Tuesday night's high tide and strong winds caused severe damage to Cromer lifeboat station's doors, trapping its lifesaving vessel. Luckily, the lifeboat station has another boat on standby, ready to be used from Cromer beach while work is carried out on the end of the pier station ready for when a new state-of-the-art boat arrives in October.

Tuesday night's high tide and strong winds caused severe damage to Cromer lifeboat station's doors, trapping its lifesaving vessel.

Luckily, the lifeboat station has another boat on standby, ready to be used from Cromer beach while work is carried out on the end of the pier station ready for when a new state-of-the-art boat arrives in October.

Richard Leeds, operations manager for Cromer lifeboat station, said: "Unfortunately it is one of those things we have to live with. The sea was too strong and it has just pushed the doors in.
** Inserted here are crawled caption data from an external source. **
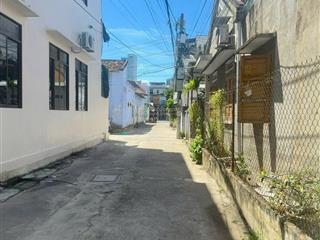 Lô đất 2 mặt tiền trước sau cách biển 400m vĩnh hoà( cũ) nha trang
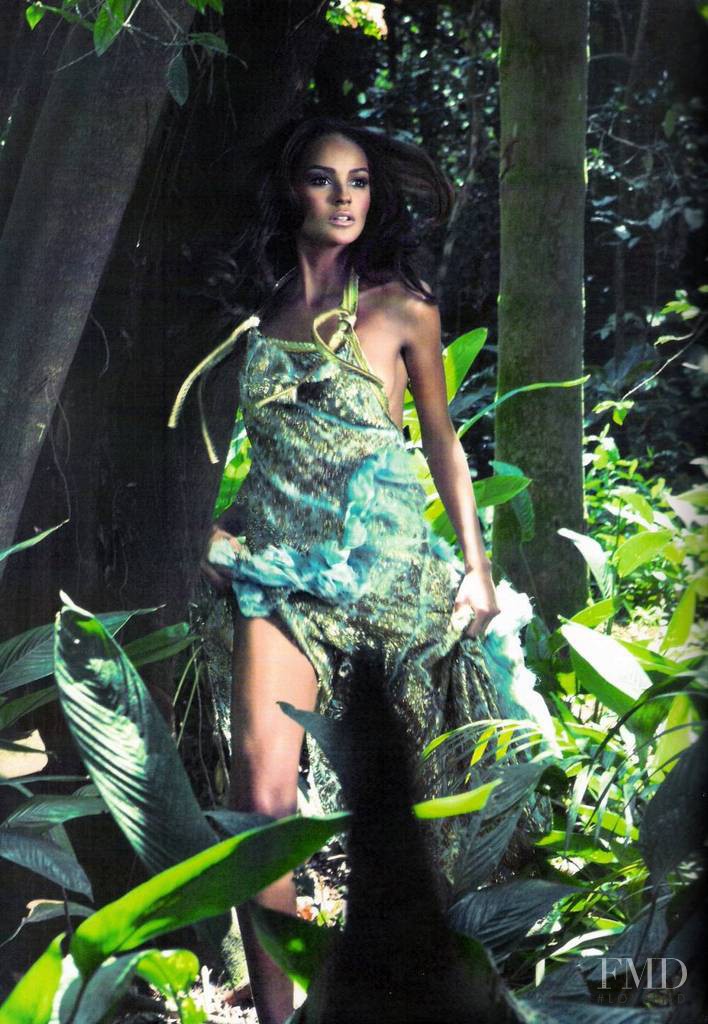 Gracie Carvalho featured in Vida Selvagem, November 2008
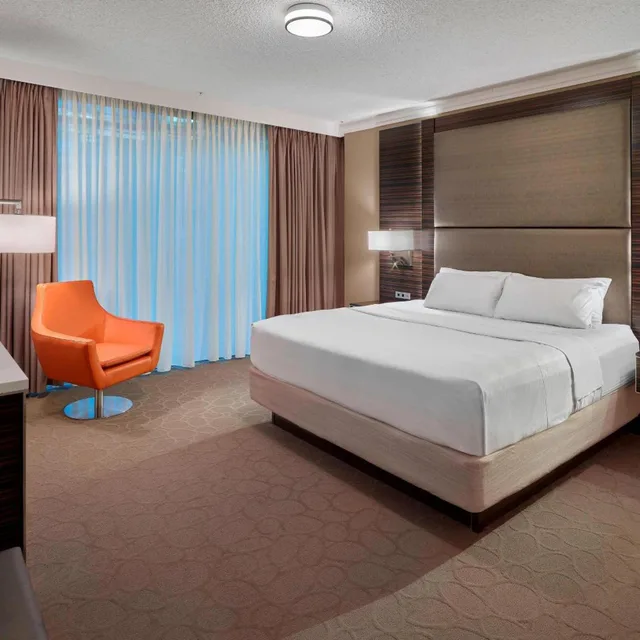 1 Bedroom, Suite, King Bed, Delta Hotels By Marriott Edmonton Centre Suites 1/9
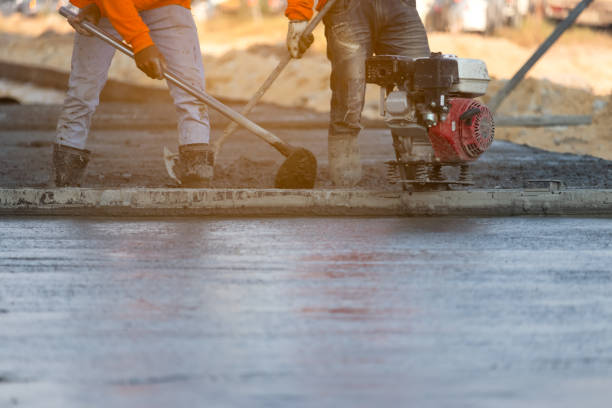 Best Concrete Installation Cost  in East Chicago, IN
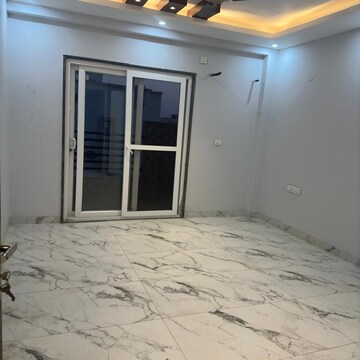 Room in 3 BHK Builder Floor at Ansal Api Versalia 2, Sector 67 – for Rent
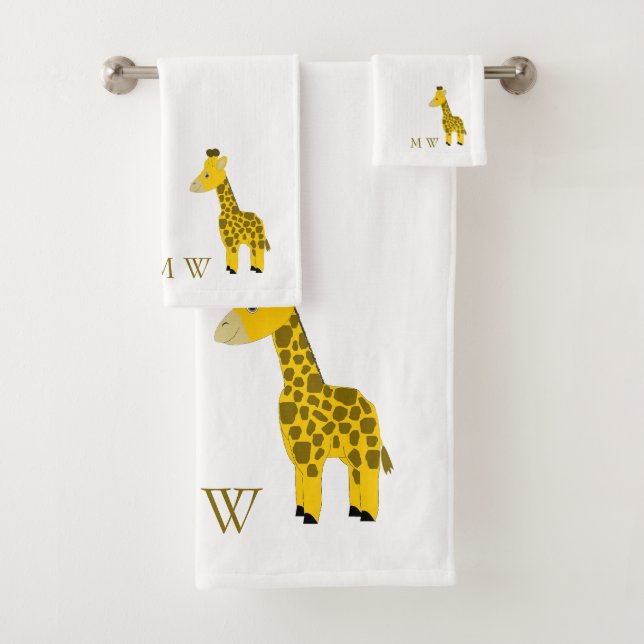 Giraffe Design Monogrammed Bath Towel Set (Insitu)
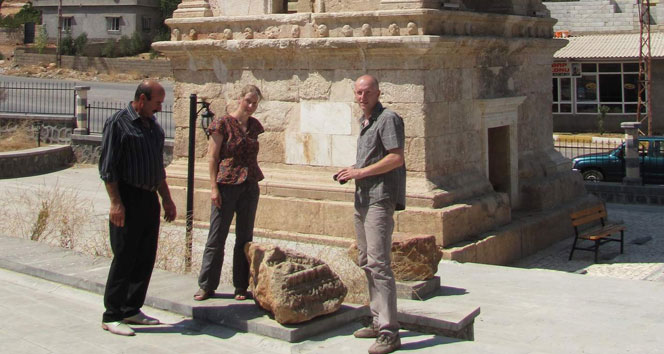 Alman turistler anıt mezarlara hayran kaldı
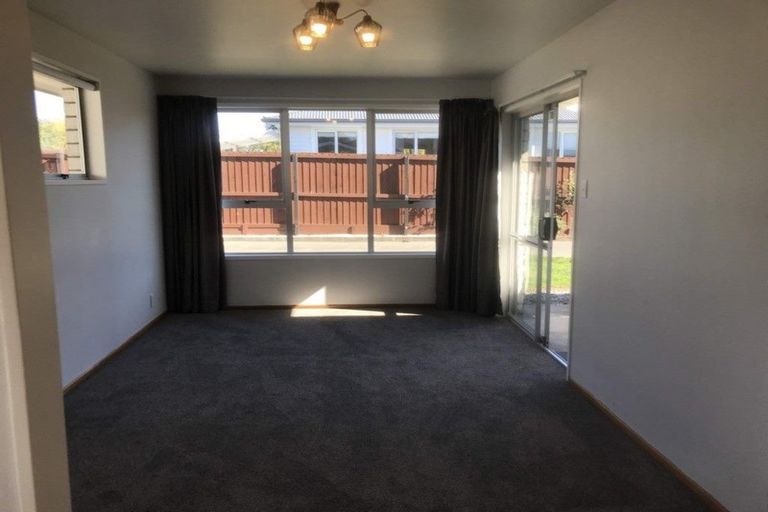 Photo of property in 2/9 Lagan Street, Belfast, Christchurch, 8051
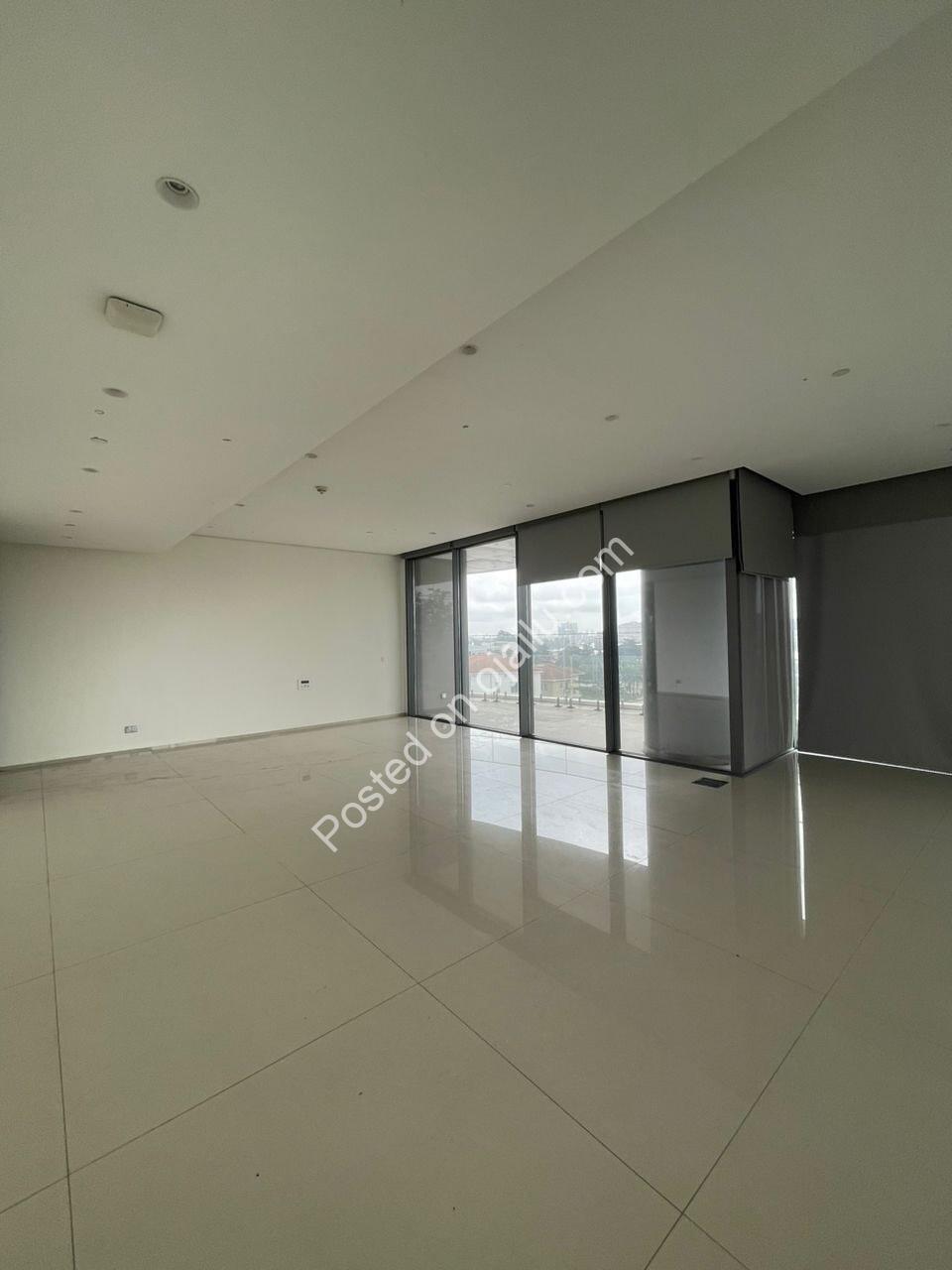 Bourdillon’s 21st-Floor Sky Palace Awaits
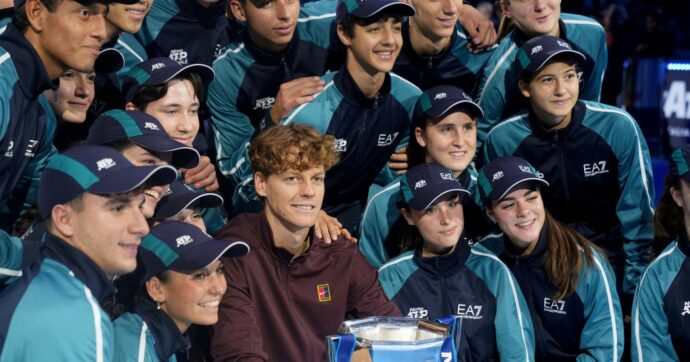 Italia sì, Italia no: il tennis di Sinner batte la Nazionale di calcio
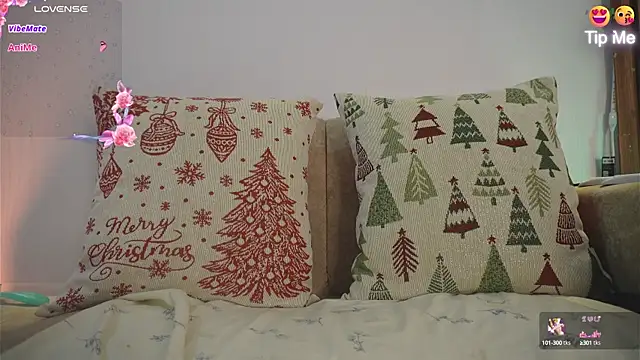 Roxybeautyy online show from 15, 10, 2025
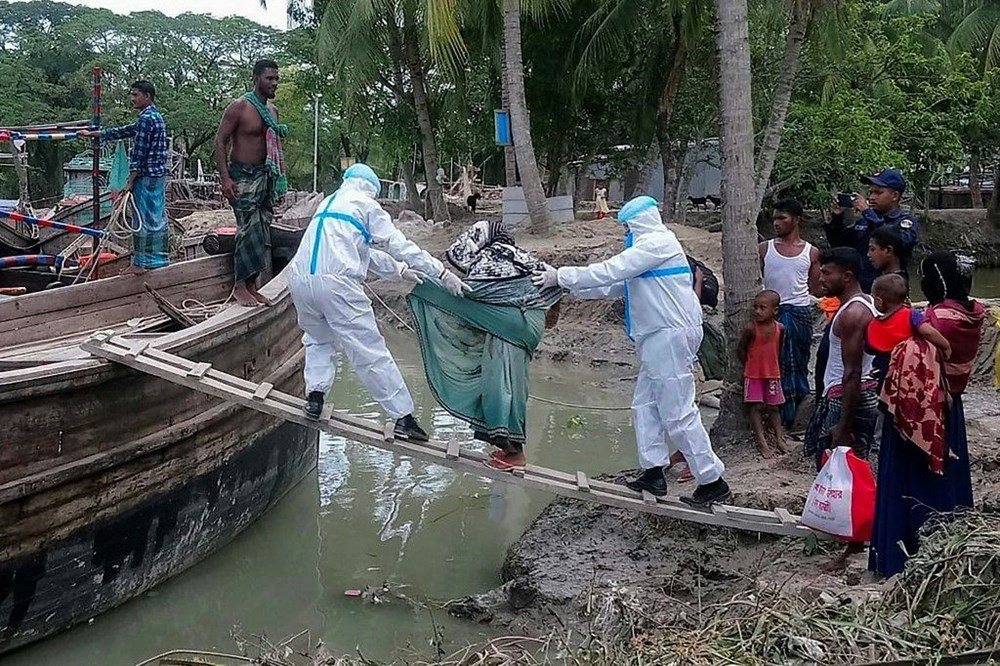 Hindistan ve Bangladeş'te süper fırtına alarmı! 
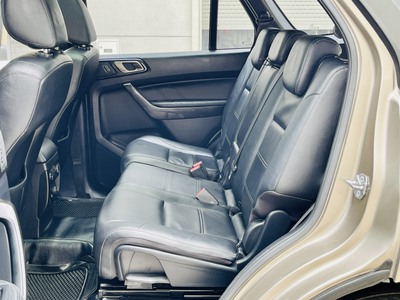 Cần bán xe PRADO sx 2015. 1 chủ . lăn bánh 6.9 vạn kilomets 6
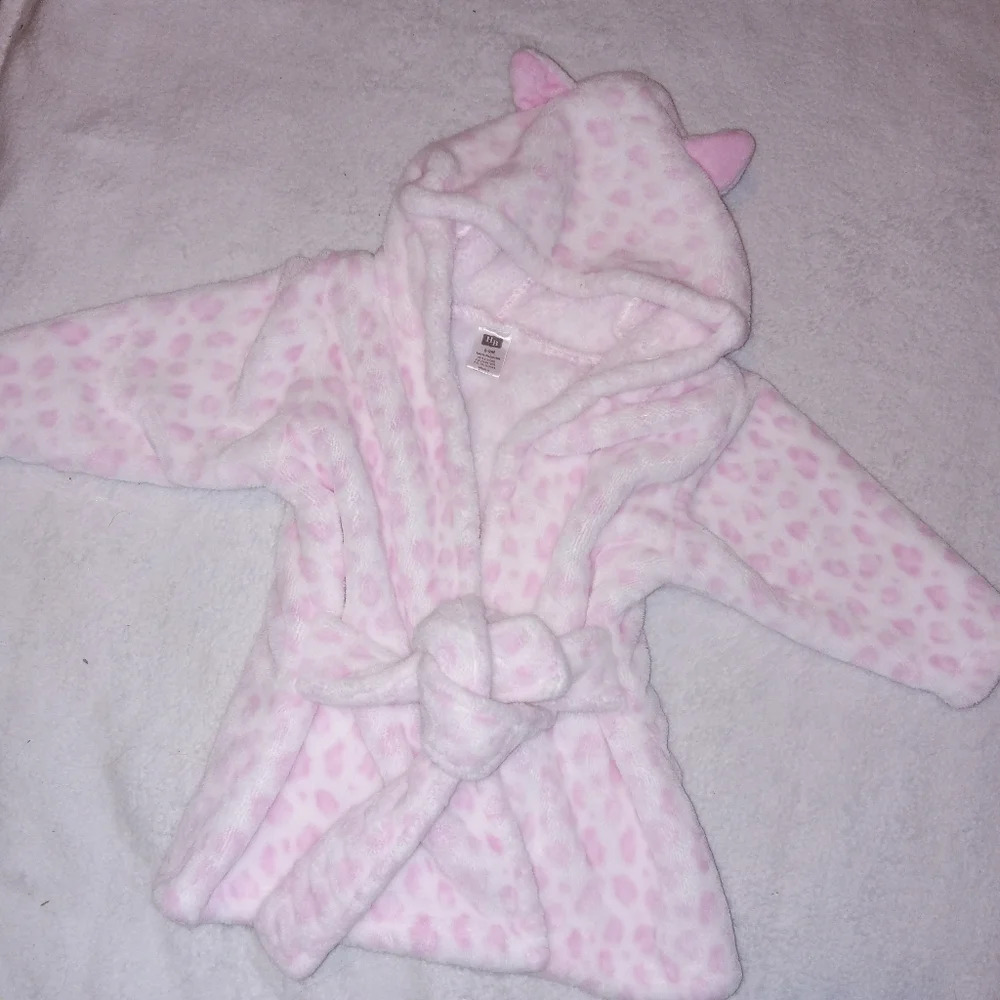 HB 100%polyester Pink & White Kitty Ear Hooded Robe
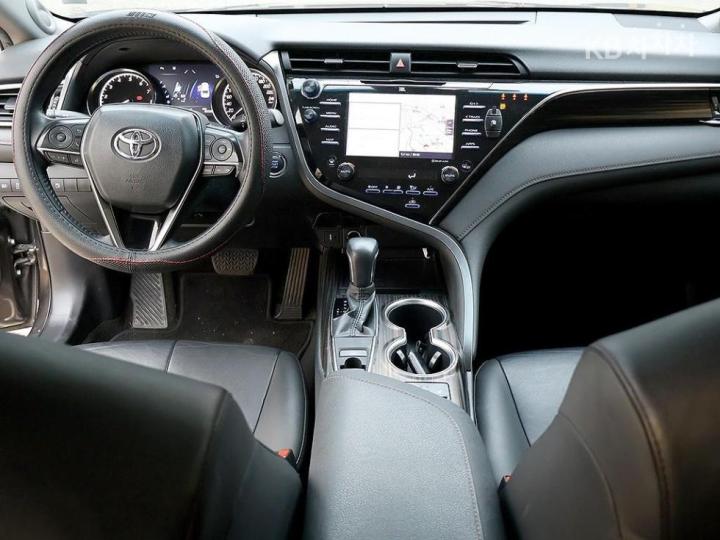 Toyota Camry XV70 2.5 Base Type 6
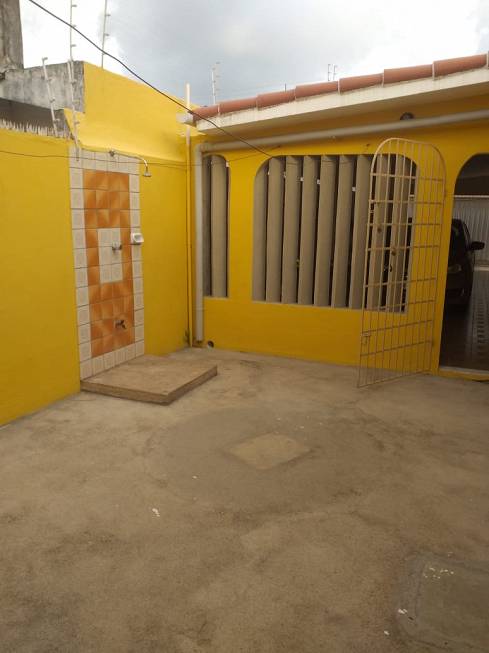 Foto 1 de Casa com 3 Quartos à venda, 160m² em Capim Macio, Natal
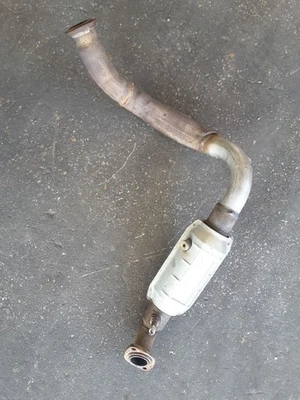 Driver Exhaust Manifold 8 Cylinder 2UZFE Engine Fits 05-09 LEXUS GX470 295159 - Image 1 of 4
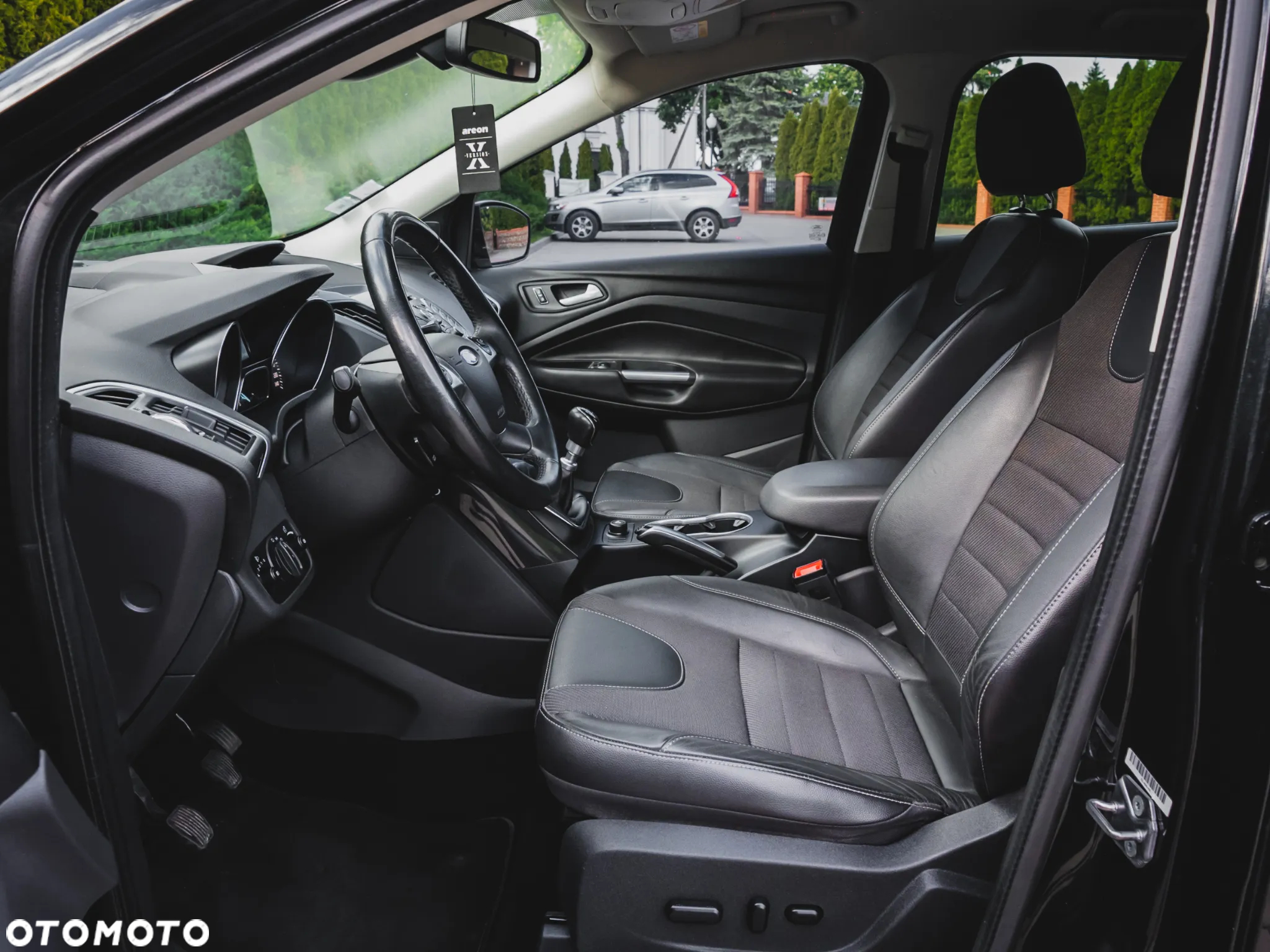 Ford Kuga 2.0 TDCi 2x4 Business Edition - 21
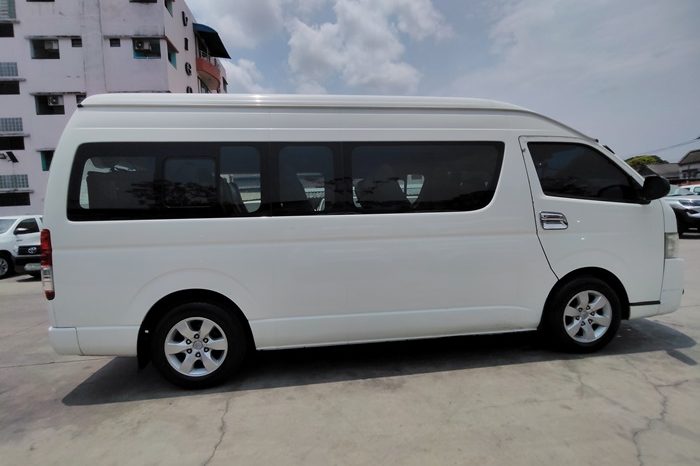 TOYOTA 2WD 2019 3.0 AT COMMUTER WHITE  3183 full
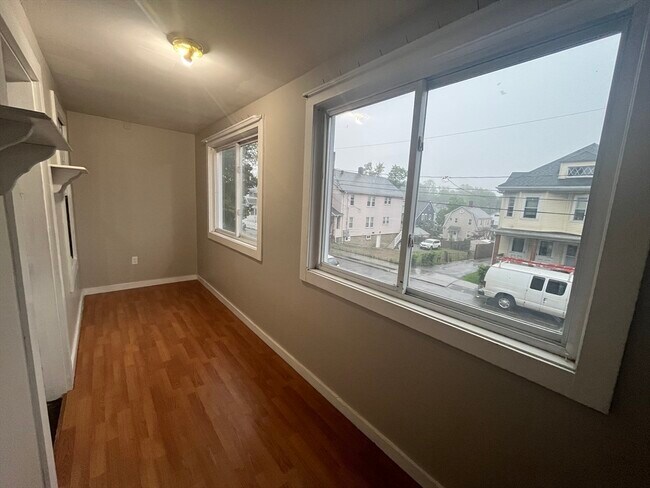 Building Photo - 38 Olcott St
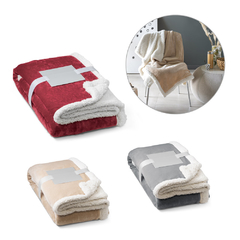 Manta personalizada reversível em tecido polar 190 g/m² acetinado com forro sherpa (225 g/m²), para um maior conforto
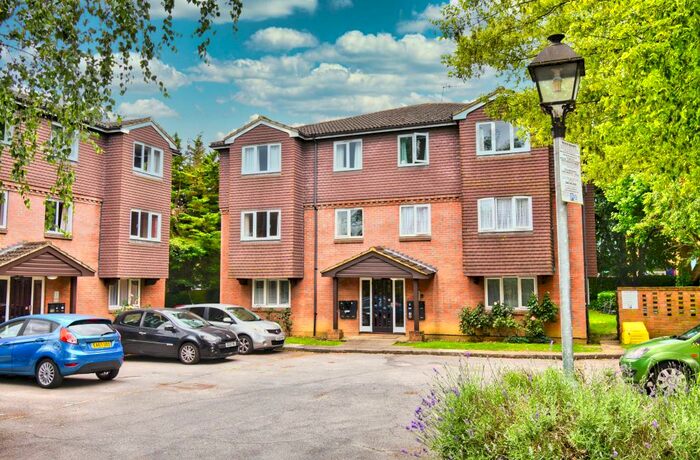 Studio To Rent In Lynwood Road, Redhill, RH1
"The bottom parts are big high doors, it is the next part of it, the top section which has been badly pushed in."

The same thing happened about two years ago, he added.

The crew has been trained to use another lifeboat, now stationed at the bottom of Cromer gangway on the edge of the beach. It has been brought in as a temporary replacement for when work is carried out on the pier-end lifeboat station.

The lifeboat station needs £750,000-£1m of alteration works so a new £2.5m Tamar class lifeboat, due at Cromer in October, can fit into it. The new boat's keel and hull are deeper than the outgoing Ruby and Arthur Reed II which has seen 21 years' service at Cromer.

The Ruby will leave Cromer for Poole in about a week, where it will be used as either a relief lifeboat or sold off.